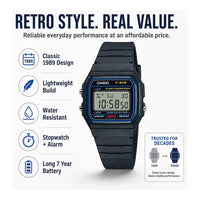 Casio F91W 1 Classic Resin Digital Watch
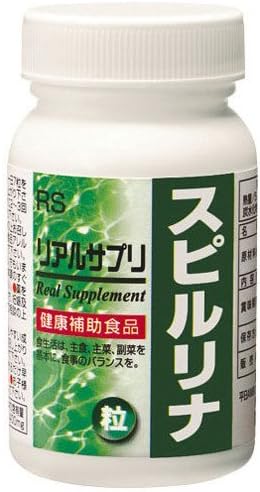 Amazon Co Jp リアルサプリ スピルリナ 225粒 食品 飲料 お酒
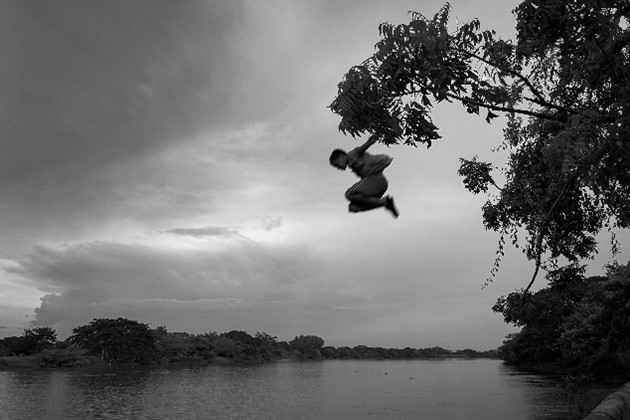 El niño, un fruto que cae del árbol.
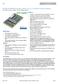QBVW033A0B Barracuda* Series; DC-DC Converter Power Modules 36-75Vdc Input; 12.0Vdc, 33.0A, 400W Output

────────────────────────────────────────

ASSIGNMENT -
Return the whole of the material above exactly, with no picture carried over.

COMPLETED TASK -
 Casio F91W 1 Classic Resin Digital Watch
 Amazon Co Jp リアルサプリ スピルリナ 225粒 食品 飲料 お酒
 El niño, un fruto que cae del árbol.
QBVW033A0B Barracuda* Series; DC-DC Converter Power Modules 36-75Vdc Input; 12.0Vdc, 33.0A, 400W Output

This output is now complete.